Parketnummer: 24-002357-07
Parketnummer eerste aanleg: 07-490069-07
Arrest van 19 maart 2009 van het gerechtshof te Arnhem, nevenzittingsplaats Leeuwarden, meervoudige strafkamer, op het hoger beroep tegen het vonnis van de politierechter in de rechtbank Zwolle-Lelystad van 28 september 2007 in de strafzaak tegen:
[verdachte],
geboren op [1935] te [geboorteplaats],
wonende te [woonplaats], [adres],
verschenen in persoon, bijgestaan door zijn raadsman mr. H.J. Zomer, advocaat te Steenwijk.
Het vonnis waarvan beroep
De politierechter in de rechtbank Zwolle-Lelystad heeft de verdachte bij het vonnis wegens een misdrijf veroordeeld tot een geldboete en een ontzegging van de bevoegdheid tot het besturen van motorvoertuigen, zoals in dat vonnis omschreven.
Gebruik van het rechtsmiddel
De verdachte is op de voorgeschreven wijze en tijdig in hoger beroep gekomen.
Het onderzoek ter terechtzitting in hoger beroep
Dit arrest is gewezen naar aanleiding van het onderzoek op de terechtzittingen in hoger beroep, alsmede het onderzoek op de terechtzitting in eerste aanleg.
Ontvankelijkheid van het hoger beroep
Voor zover het hoger beroep is gericht tegen de vrijspraak ter zake van het onder 2 ten laste gelegde, kan verdachte daarin niet worden ontvangen.
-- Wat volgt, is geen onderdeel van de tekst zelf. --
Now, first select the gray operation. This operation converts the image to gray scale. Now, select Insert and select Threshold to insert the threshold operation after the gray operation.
De vordering van de advocaat-generaal
De advocaat-generaal heeft gevorderd dat het hof verdachte niet-ontvankelijk zal verklaren in zijn hoger beroep ten aanzien van het onder 2 ten laste gelegde en hem ter zake van het onder 1 ten laste gelegde zal veroordelen tot een geldboete van zevenhonderdvijftig euro, subsidiair vijftien dagen hechtenis, te betalen in vijf tweemaandelijkse termijnen van elk honderdvijftig euro, en een ontzegging van de bevoegdheid tot het besturen van motorvoertuigen voor de duur van negen maanden, waarvan zes maanden voorwaardelijk, met een proeftijd van twee jaren.
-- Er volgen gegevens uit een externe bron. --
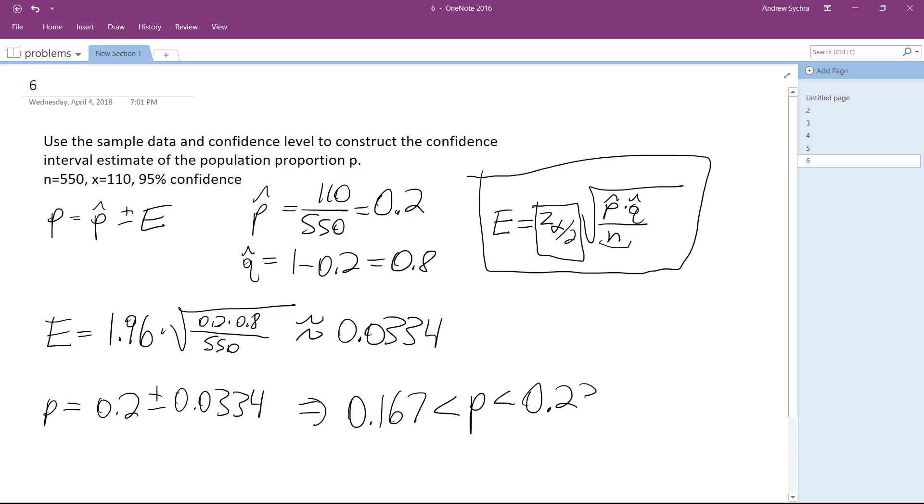We're going to get p equals 0.2. This is the final solution. There's our confidence interval.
De beslissing op het hoger beroep
Het hof zal het vonnis vernietigen en opnieuw recht doen.
Tenlastelegging
Aan verdachte is ten laste gelegd dat:
1.
hij op of omstreeks 9 december 2006 te/nabij [plaats], gemeente [gemeente], als bestuurder van een voertuig, (auto), dit voertuig heeft bestuurd, na zodanig gebruik van alcoholhoudende drank, dat het alcoholgehalte van zijn adem bij een onderzoek, als bedoeld in artikel 8, tweede lid, aanhef en onder a van de Wegenverkeerswet 1994, 765 microgram, in elk geval hoger dan 220 microgram, alcohol per liter uitgeademde lucht bleek te zijn.
Bewezenverklaring
Het hof verklaart bewezen dat:
hij op 9 december 2006 te [plaats], gemeente [gemeente], als bestuurder van een voertuig (auto), dit voertuig heeft bestuurd na zodanig gebruik van alcoholhoudende drank, dat het alcoholgehalte van zijn adem bij een onderzoek, als bedoeld in artikel 8, tweede lid, aanhef en onder a van de Wegenverkeerswet 1994, 765 microgram alcohol per liter uitgeademde lucht bleek te zijn.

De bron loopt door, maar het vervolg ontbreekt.